Don Marco prese le mani dei due giovani, se le strinse al cuore e disse: - Figliuoli; Gesù è morto da diciotto secoli promettendo vicino il regno dei poveri. Se il regno dei poveri è cosa di questo mondo, tu, o Giuliano, che hai capita la parola di Gesù, e tu, Tecla, che hai visto adempiersi in te la sua promessa, ricordatevi che al mondo vi sono molti afflitti, che aspettano dai felici il compimento di quella promessa. - Era ora, addio, Tecla; - disse Giuliano stringendo tra le sue le mani della giovinetta; - tu starai nella casa di nostra madre, finché io tornerò. Non so quando sarà. Ma voi, Marta, voi servirete la mia sposa come serviste mia madre, lei, don Marco, se vuol farmi un gran bene, stia con queste due creature, finché i tempi sieno più quieti. - Ma, e tu? - chiese don Marco con ansia.
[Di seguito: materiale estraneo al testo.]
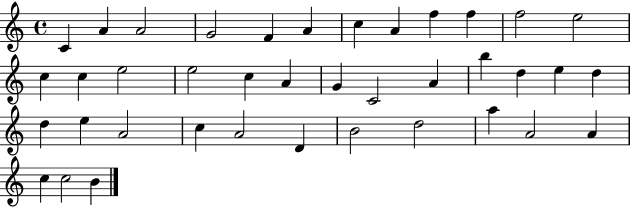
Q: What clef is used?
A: treble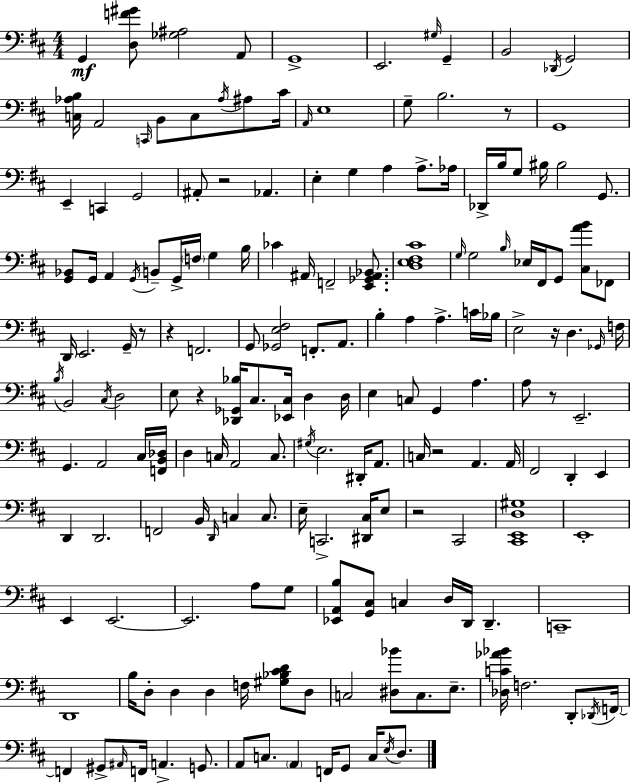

- Io vado alla casetta, dove mia madre sperò di vivere con me qualche tempo. Tornerò di laggiù, quando lo spirito di lei mi consiglierà a farlo. No... no... maestro, Marta... nessuno mi contrasti con preghiere... io debbo andare. E Voi - soggiunse volgendosi al Francese - proteggete la mia casa, e pregate per me il Generale a proteggere il mio povero borgo.

L’ufficiale non potè rispondere se non con uno sforzo, per far il viso fiero, tanto per non mostrare la tenerezza che si sentiva dentro a quello spettacolo. Ancora pochi detti, poche raccomandazioni, pochi sguardi d’intelligenza tra quelle anime; poi don Marco si pigliò Tecla e Marta, una per lato. Il Francese gli tenne dietro e insieme si misero a discendere il colle. Giuliano li accompagnò coll’occhio per la china, svolta a svolta, da macchia a macchia, nel piano giù, fin che furono giunti nell’atrio della sua casa che si vedeva di lassù assai bene. Quando essi si volsero a guardare s’egli fosse ancora sopra quella vetta, lo videro sparire. Il suo ultimo sguardo si era posato su due tetti di Dego; quello di Tecla fatta sua e quello della chiesa parrocchiale, sotto le cui volte posava sua madre.